● Work to be completed
What the task requires is an exact printout of the listing below, pictures excluded.

● Supplied records

########

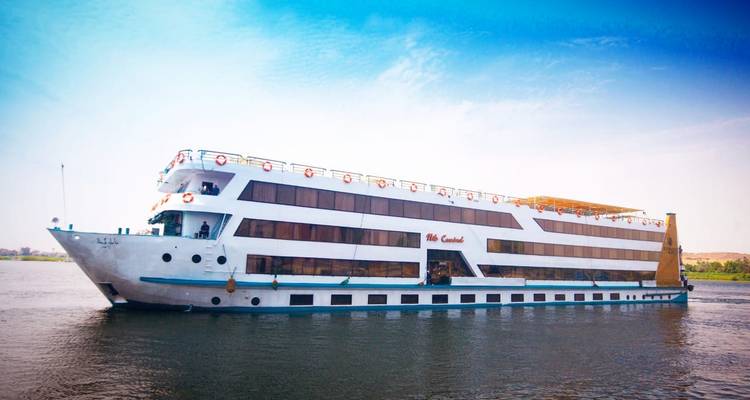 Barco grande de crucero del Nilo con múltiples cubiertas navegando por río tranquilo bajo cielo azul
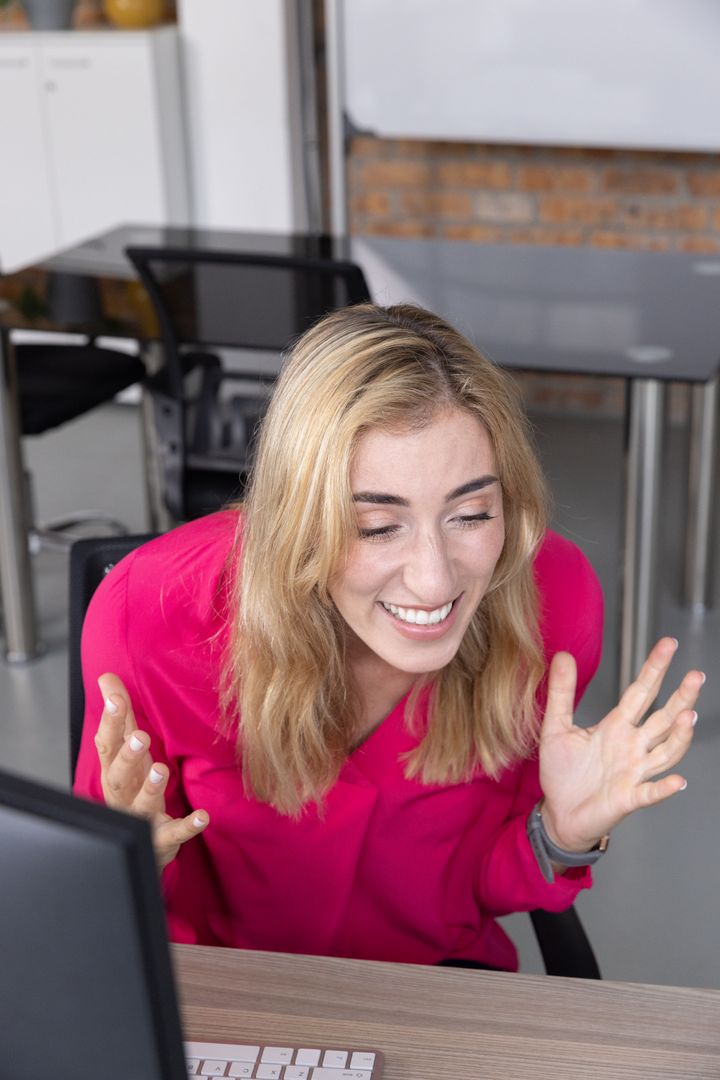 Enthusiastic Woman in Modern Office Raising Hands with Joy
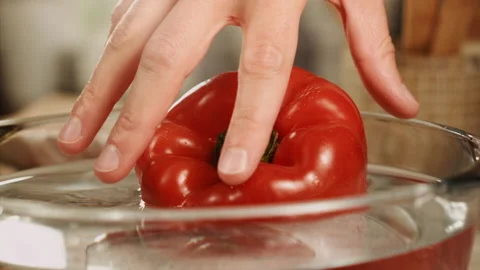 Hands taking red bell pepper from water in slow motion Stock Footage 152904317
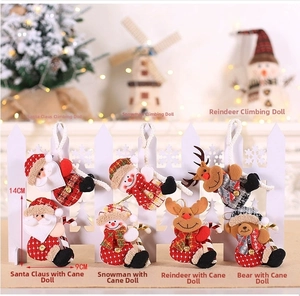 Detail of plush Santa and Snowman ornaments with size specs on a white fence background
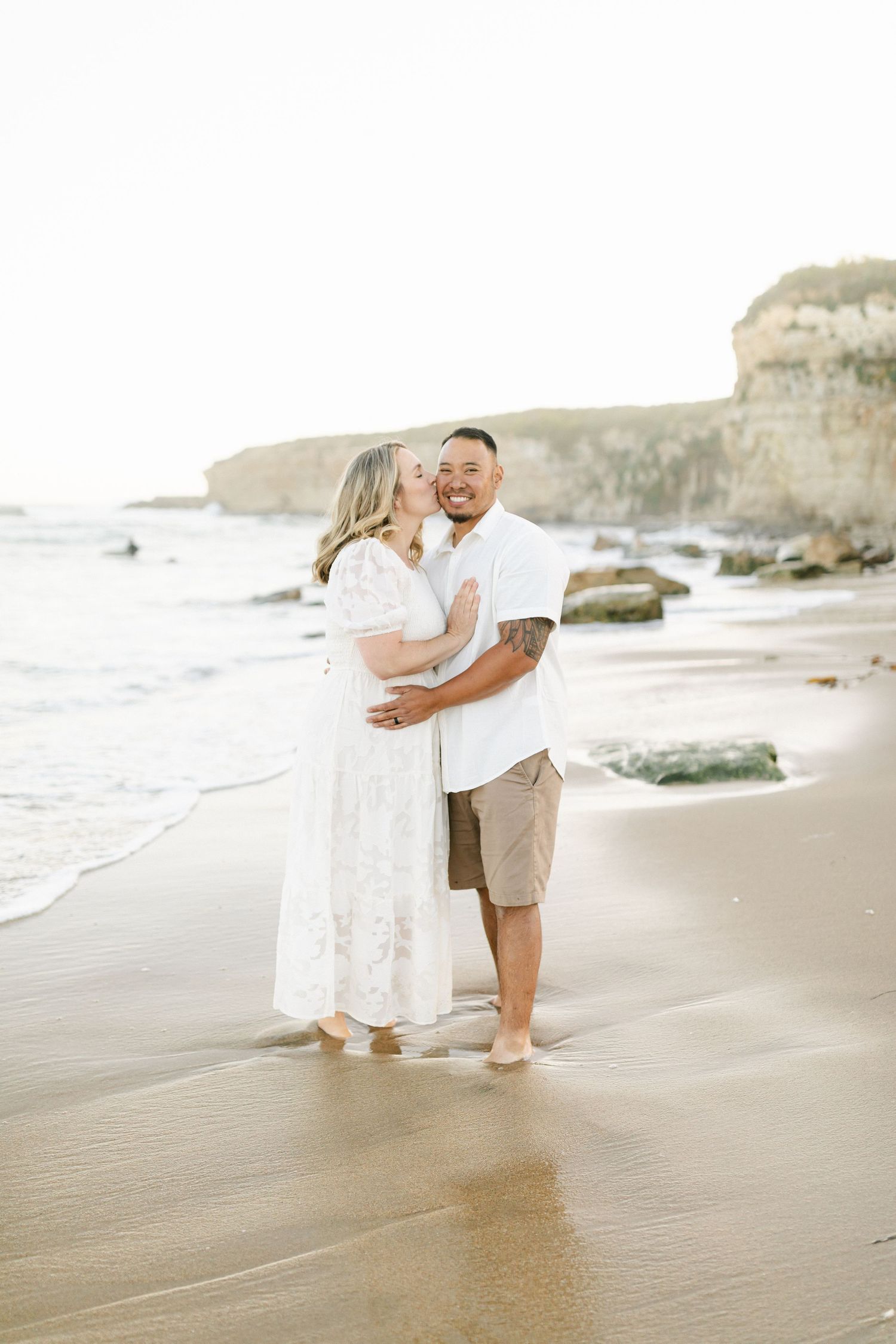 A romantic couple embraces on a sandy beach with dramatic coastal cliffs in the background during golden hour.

########

● Result of this exercise
 Barco grande de crucero del Nilo con múltiples cubiertas navegando por río tranquilo bajo cielo azul
 Enthusiastic Woman in Modern Office Raising Hands with Joy
 Hands taking red bell pepper from water in slow motion Stock Footage 152904317
 Detail of plush Santa and Snowman ornaments with size specs on a white fence background
 A romantic couple embraces on a sandy beach with dramatic coastal cliffs in the background during golden hour.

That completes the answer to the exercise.